To establish a claim of “associational discrimination” under the Americans with Disabilities Act (ADA), a plaintiff must demonstrate that she was discriminated against by her employer because of her relationship with a disabled person.

To substantiate a claim of associational discrimination under the ADA, an employee must establish each of the following key elements of a “prima facie” case: (1) the plaintiff was qualified for the position; (2) the plaintiff was subjected to an adverse employment action; (3) the plaintiff was known by his or her employer to have a relative or associate with a disability; and (4) the adverse employment action occurred under circumstances that raise a reasonable inference that the disability of the relative was a determining factor in the employer’s decision.

However, if a plaintiff can produce direct evidence of discrimination, he or she may prevail on the claim without having to separately establish each of the elements of the prima facie case.

Recently, one federal district court used “direct evidence” to preclude dismissal of a plaintiff’s associational disability claim, pointing to an alleged remark from the woman’s supervisor that would have forced the employee to choose between “your job or your daughter.” Manon v. 878 Education, LLC, SDNY, No. 1;13-cv-03476, March 4, 2015.
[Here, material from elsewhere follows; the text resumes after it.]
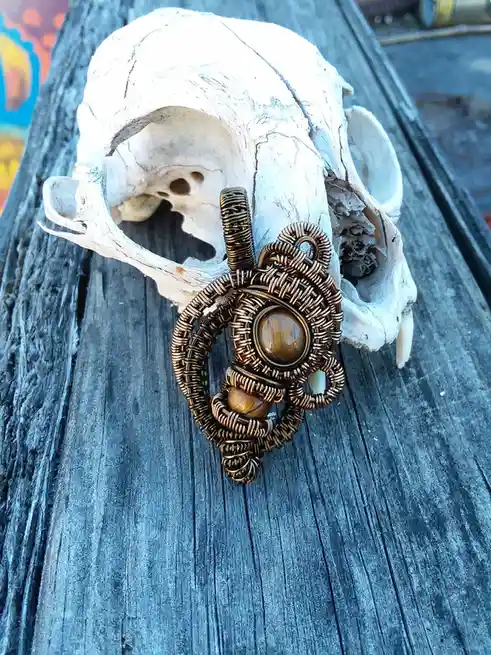 A close-up photo shows a copper wire-wrapped pendant with a tiger's eye stone resting on a white animal skull, which is…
Elizabeth Manon, the mother of an infant ultimately diagnosed with Reactive Airway Disease, worked as a receptionist with 878 Education, LLC (“the School”) in New York City. Manon asserts that she was a “dedicated and conscientious employee” who was never informed of performance deficiencies.

In the six months during which she worked for the School, Manon took frequent time off for the purpose of caring for her infant daughter, who was hospitalized several times, and taken to the hospital emergency room on multiple others. In fact, during her 132 day tenure at the School, Manon arrived late 27 times, left work early 54 times, and was absent 17 days.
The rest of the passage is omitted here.